[Checkins] SVN: topia.termextract/trunk/s - Rename KeywordExtractor to TermExtractor.
Stephan Richter
srichter at gmail.com
Sat May 30 11:42:14 EDT 2009
Log message for revision 100556:
- Rename KeywordExtractor to TermExtractor.
- Fixed up documentation to talk about terms instead of keywords.
- Added test for modal verb rule.
Changed:
U topia.termextract/trunk/setup.py
U topia.termextract/trunk/src/topia/termextract/README.txt
U topia.termextract/trunk/src/topia/termextract/example.txt
U topia.termextract/trunk/src/topia/termextract/extract.py
U topia.termextract/trunk/src/topia/termextract/interfaces.py
-=-
Modified: topia.termextract/trunk/setup.py
===================================================================
--- topia.termextract/trunk/setup.py 2009-05-30 15:26:12 UTC (rev 100555)

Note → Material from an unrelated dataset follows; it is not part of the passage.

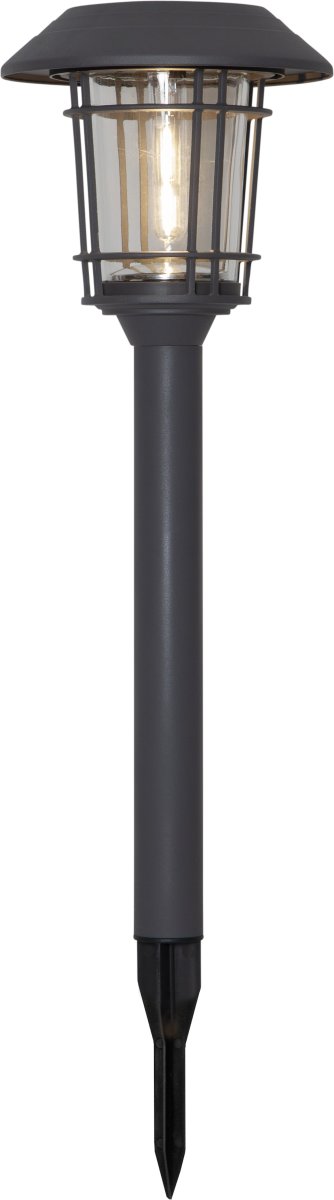 Filip Graphite lampe solaire De Star Trading - La lampe se recharge pendant la journ&eacute;e gr&acirc;ce &agrave; l'&eacute;nergie solaire et s'&eacute;teint automatiquement &agrave; la tomb&eacute;e de la nuit.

+++ topia.termextract/trunk/setup.py 2009-05-30 15:42:14 UTC (rev 100556)
@@ -38,7 +38,7 @@
read('CHANGES.txt')
),
license = "ZPL 2.1",
- keywords = "pos taggerlinguistics",
+ keywords = "content term extract pos tagger linguistics",
classifiers = [
'Development Status :: 4 - Beta',
'Environment :: Web Environment',
Modified: topia.termextract/trunk/src/topia/termextract/README.txt
===================================================================
--- topia.termextract/trunk/src/topia/termextract/README.txt 2009-05-30 15:26:12 UTC (rev 100555)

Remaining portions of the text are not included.